[WHAT IS BEING ASKED]: Set down, word for word, the line with "I Need A Himbo Adult Hooded Sweatshirt" and the lines after it through the final line of the data below, without pictures.

[Source data]
Start of Block

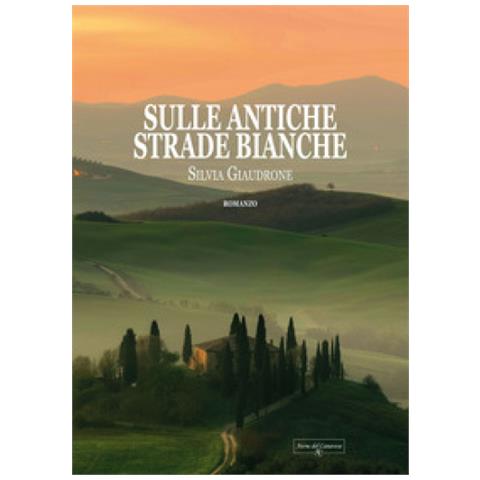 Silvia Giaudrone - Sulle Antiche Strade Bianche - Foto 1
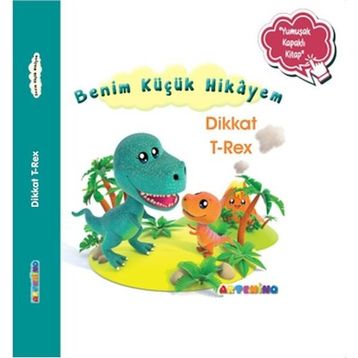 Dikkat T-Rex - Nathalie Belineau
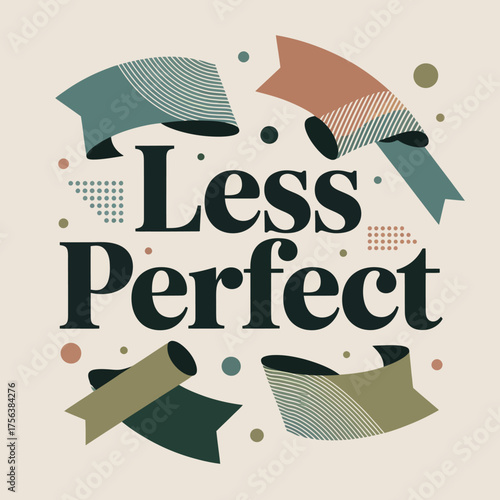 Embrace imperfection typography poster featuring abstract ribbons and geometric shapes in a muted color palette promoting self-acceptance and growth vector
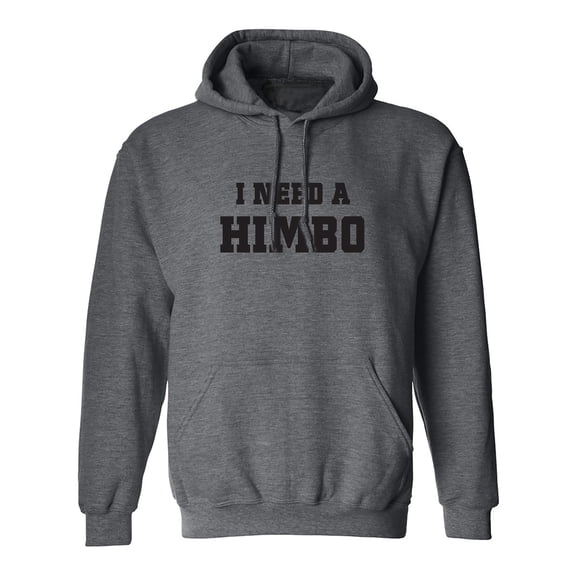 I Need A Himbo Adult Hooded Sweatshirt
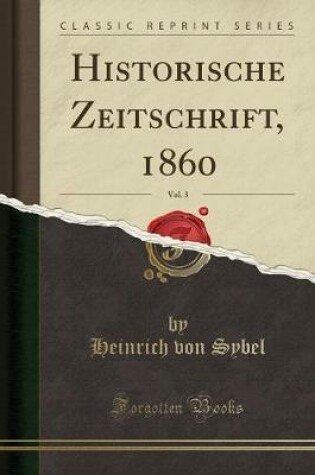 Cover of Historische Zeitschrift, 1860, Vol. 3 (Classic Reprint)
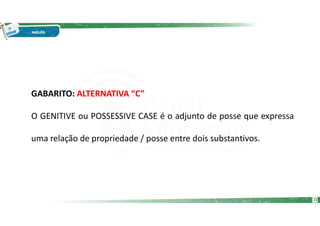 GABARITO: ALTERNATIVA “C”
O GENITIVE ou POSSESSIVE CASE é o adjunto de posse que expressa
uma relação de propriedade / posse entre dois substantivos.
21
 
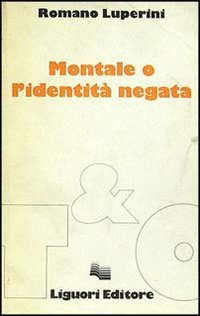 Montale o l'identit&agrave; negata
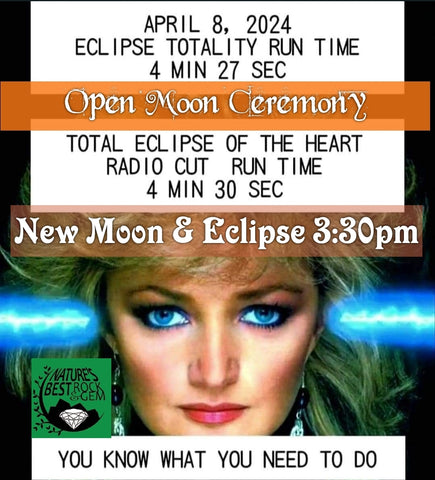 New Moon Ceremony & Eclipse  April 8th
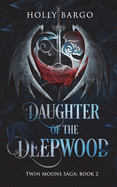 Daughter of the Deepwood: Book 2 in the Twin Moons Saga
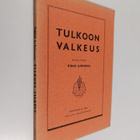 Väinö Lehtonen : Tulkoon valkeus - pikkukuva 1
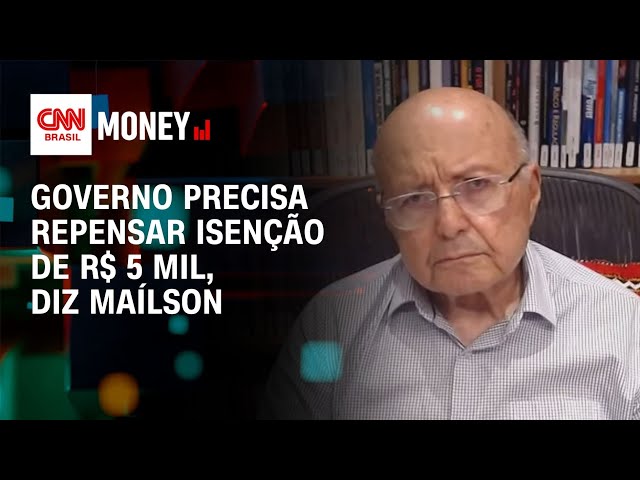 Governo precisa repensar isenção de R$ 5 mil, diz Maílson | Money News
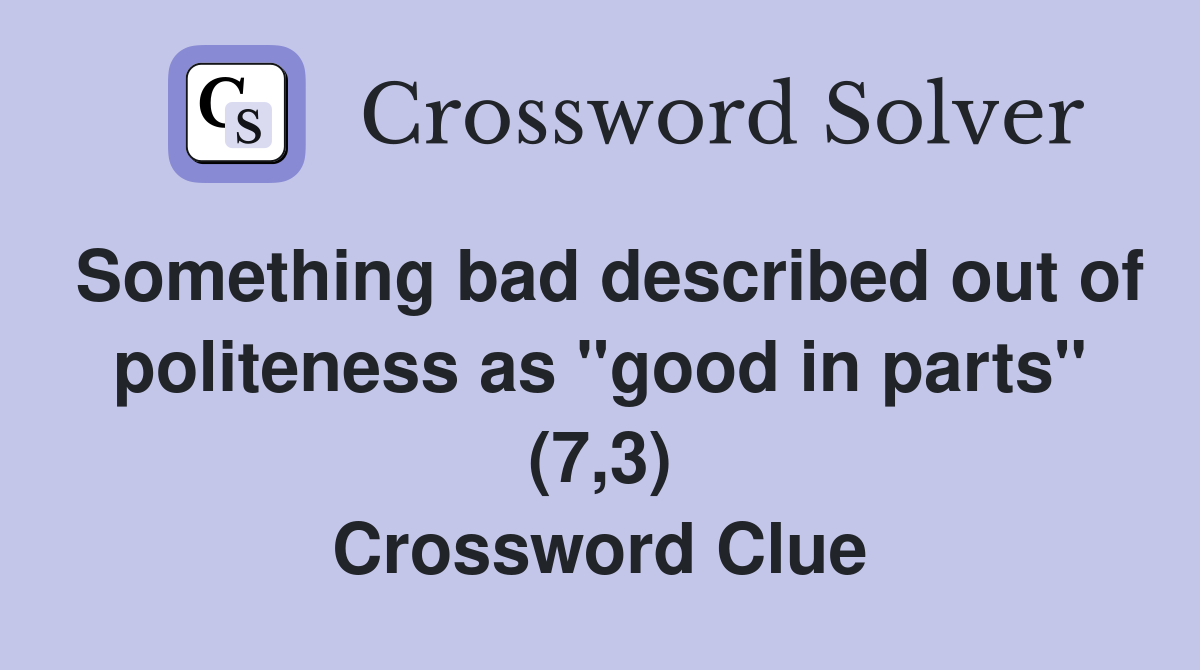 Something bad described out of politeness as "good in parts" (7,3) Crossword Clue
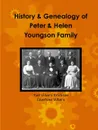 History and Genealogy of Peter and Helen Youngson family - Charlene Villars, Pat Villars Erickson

End of Block

[EXERCISE OUTPUT]:
 I Need A Himbo Adult Hooded Sweatshirt
 Cover of Historische Zeitschrift, 1860, Vol. 3 (Classic Reprint)
 GABARITO: ALTERNATIVA “C”
O GENITIVE ou POSSESSIVE CASE é o adjunto de posse que expressa
uma relação de propriedade / posse entre dois substantivos.
21
 
 Montale o l'identit&agrave; negata
 New Moon Ceremony & Eclipse  April 8th
 Daughter of the Deepwood: Book 2 in the Twin Moons Saga
 Väinö Lehtonen : Tulkoon valkeus - pikkukuva 1
 Governo precisa repensar isenção de R$ 5 mil, diz Maílson | Money News
 Something bad described out of politeness as "good in parts" (7,3) Crossword Clue
 History and Genealogy of Peter and Helen Youngson family - Charlene Villars, Pat Villars Erickson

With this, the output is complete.